CAMPESINOS from Bajo Aguán, northern Honduras, have been met with blows by police under the Porfirio Lobo regime and, on top of that, are being portrayed as criminals, while their leaders have been prevented by the courts from taking part in any protest demonstrations.
These maneuvers are intended to avoid social mobilization against the abuses of a state which only responds to the landowning oligarchy.
The desinfomémonos website recently revealed that 350 campesinos from Bajo Aguán were violently repressed in Tegucigalpa for demanding an urgent Supreme Court to the agrarian conflict in the region, as well as an end to the repression and impunity of the law and order forces.
Sirel Vitalino Álvarez, spokesperson for the Aguán Unified Campesino Movement, one of those banned from taking part in demonstrations, stated, “We cannot stop reclaiming justice or abandon the struggle for our rights. We have now experienced in the flesh the manipulation of those who control the country. We have seen the power that they have and their plans to destroy us. However, they are not going to stop us and we are going to continue demanding justice.”
According to published information, from September 2008 through now, 53 people close to or belonging to the Bajo Aguán campesino organizations, plus a journalist and his partner, have been killed in the context of the agrarian conflict in the region. Another campesino disappeared on May 15, 2011 and has not been found.

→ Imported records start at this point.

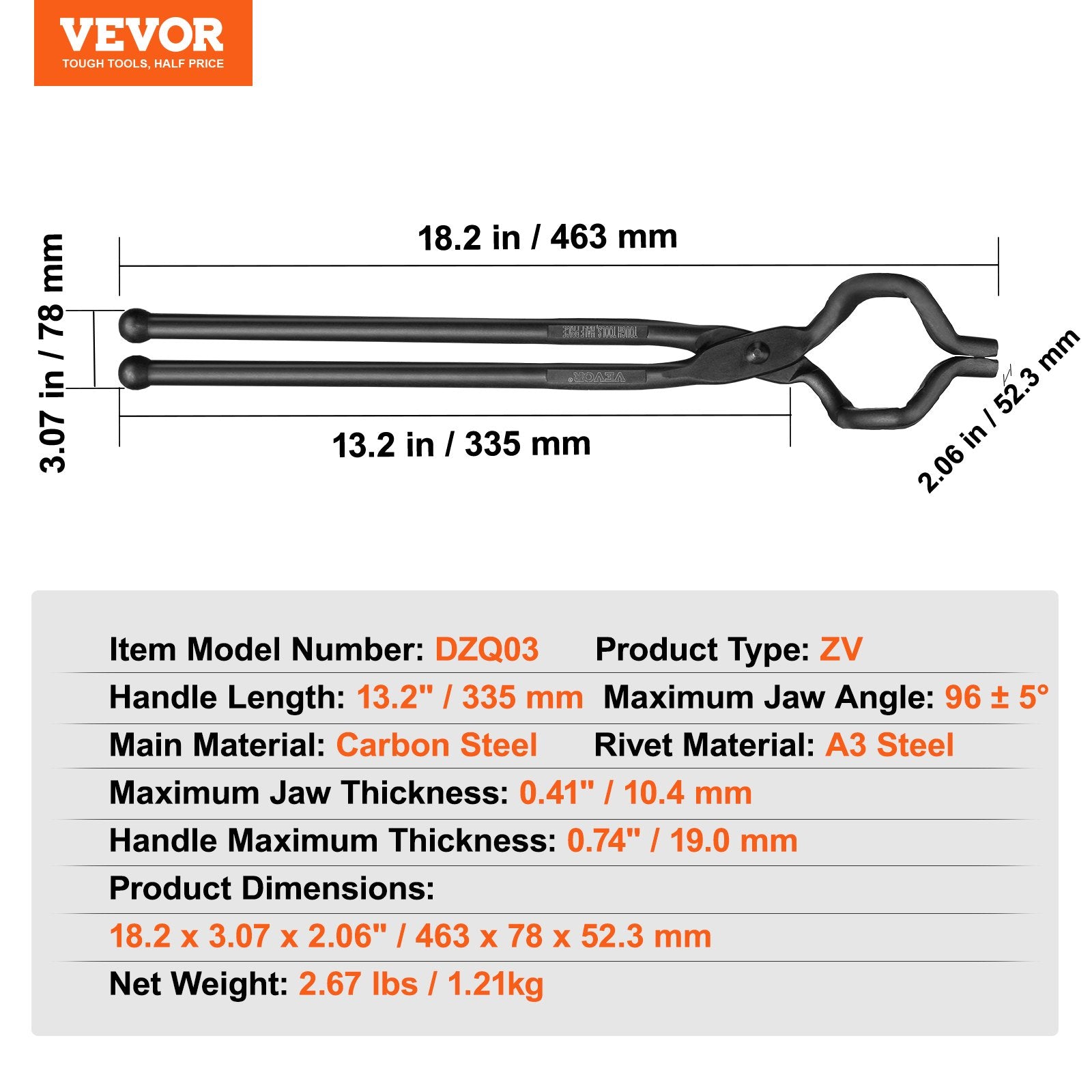 Cutlery: VEVOR Blacksmith Tongs, 463mm Z V-Bit Tongs, Carbon Steel Forge Tongs with A3 Steel Rivets, for Knife Blades, Long Pieces, Circular Forgings, for Beginner and Seasoned Blacksmiths and Bladesmiths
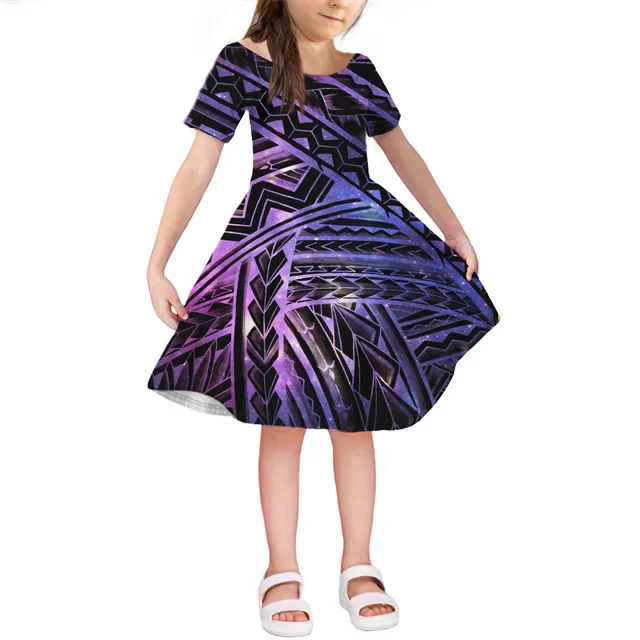 High quality New Polynesian Tribal Samoan Pattern Printed Baby Girls Kids Clothes Short Sleeve Girls' Dresses Factory Price, Customized color
High quality New Polynesian Tribal Samoan Pattern Printed Baby Girls Kids Clothes Short Sleeve Girls' Dresses Factory Price, Customized color
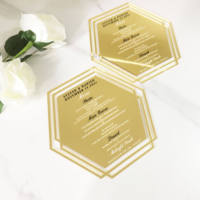 Cartes de menu en acrylique gravées au laser en gros, texte gravé au laser, cartes de menu en acrylique découpées de luxe avec feuille de gaufrage à chaud, invitations de mariage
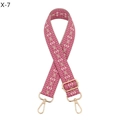 Detail of pink geometric jacquard bag strap with adjustable gold-tone metal hook - Rose Red (X-7)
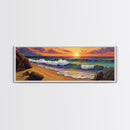 Sunset Beach, Coastal Rocks, Tranquil Shore, Golden Light, Framed Canvas Print beach house decor, minimalist landscape, bedroom art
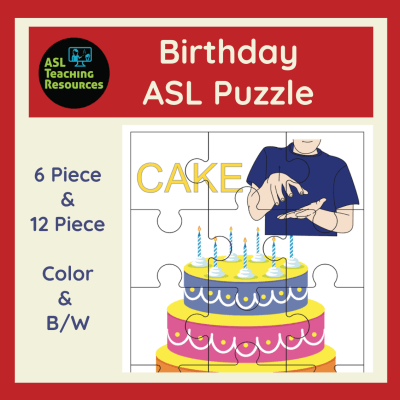 Birthday Cake ASL Puzzle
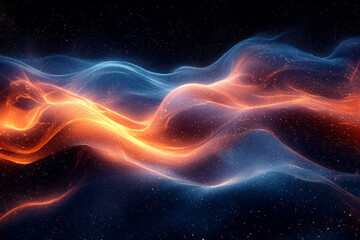 Obraz premium Abstract gradient dunes with flowing lines of vibrant orange and blue,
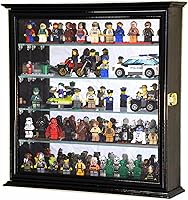 Vista 1 de sfDisplay.com,LLC. 4 estantes ajustables espejo trasero minifiguras vitrina gabinete para miniaturas/figuras/mini figuras (negro)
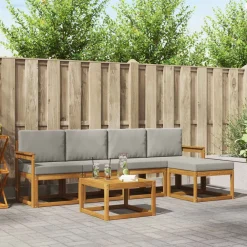 vidaXL Conjuntos De Muebles-Conjunto de sofás de exterior 6 pcs Gris Natural y Claro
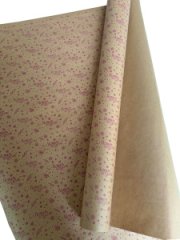 Упаковочная бумага С Новым Годом веточки бордовый на коричневом 720мм/60гр/10м ± 5%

This is just one example of a number of violations of human rights which have exposed the economic interests of the ruling forces in Honduras, engaged in an overt campaign to demobilize, de-legitimize and criminalize the campesino movement in Bajo Aguán and the social, indigenous and Garífuna movements in the region.
Ollantay Itzamná’s exposé on the Alainet.org website of the recent massacre of five campesino brothers in the north of Honduras (date unspecified) prompted national and international attention. Their gunned down and scattered corpses were seen throughout the world, demonstrating the lies and barbarity of Honduras under the present regime.

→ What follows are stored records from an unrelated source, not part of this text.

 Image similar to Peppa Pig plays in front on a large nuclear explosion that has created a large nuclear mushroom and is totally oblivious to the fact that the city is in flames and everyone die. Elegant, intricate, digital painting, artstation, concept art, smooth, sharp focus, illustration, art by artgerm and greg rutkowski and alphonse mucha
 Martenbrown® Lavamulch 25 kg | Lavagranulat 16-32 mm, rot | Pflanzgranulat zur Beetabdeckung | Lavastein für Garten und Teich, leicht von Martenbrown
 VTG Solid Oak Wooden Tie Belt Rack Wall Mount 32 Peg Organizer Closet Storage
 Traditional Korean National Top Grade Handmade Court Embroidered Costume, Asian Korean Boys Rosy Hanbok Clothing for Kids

Itzamná emphasized that the most grotesque response was that of Miguel Facussé, a landowner involved in the killings and one of the supporters of the June 2009 coup, who said, “Why do they approach my property knowing that my men are armed?” The government immediately alerted the population to the alleged presence of guerrilla campesinos, trained outside of the country, and the National Congress approved the Anti-Terrorist Act criminalizing the social movements. In this way, the central problem of the country was reduced to a secondary plane.
This issue of land is the principal focus of conflict with the campesino movements, given that they are facing not only police repression but private armies, such as Facussé’s.
Close to 80% of Honduran territory is forested. Of the total cultivable land, 1% of landowners hold one third, while 375,000 small farmers have no land to cultivate. Moreover, nearly 75% of national agricultural products are grown by small farmers, Itzamná reports. The large agricultural businesses produce to export, without noticeable benefit to the country.
The government is more interested in associating itself with national and international private capital. While campesinos are dying of hunger for lack of land, it is preparing to create “private cities,” with their own sovereignty, like a country within a country, given that they will control their own capital and even foreign financial relations. They will also have their own police and thus significant impunity.
The Argentine daily La Nación reported that, in order to achieve this, the Lobo administration has signed a memorandum of understanding with private investors as a framework for the creation of the first of these cities, in an as yet undefined place. These private preserves will not even have to deal with taxes, as they are not obliged to transfer resources to the Honduran government. For Oscar Cruz, former attorney for the Defense of the Constitution, “part of national territory and the population within it is being ceded, without placing any limit on numbers or extension.
For the Honduran Black Fraternal Organization (OFRANEH), the project masks the intention of handing over “100 square kilometers of national territory to international financial capital,” and allowing all kinds of illegalities such as money laundering.
The project is based on the “charter city” idea of U.S. economist Paul Romer. What a coincidence that he should be American! Romer has already stated in an Internet blog, Freakonomics, that the path to follow has been marked out and it is expected that the first steps will begin this October.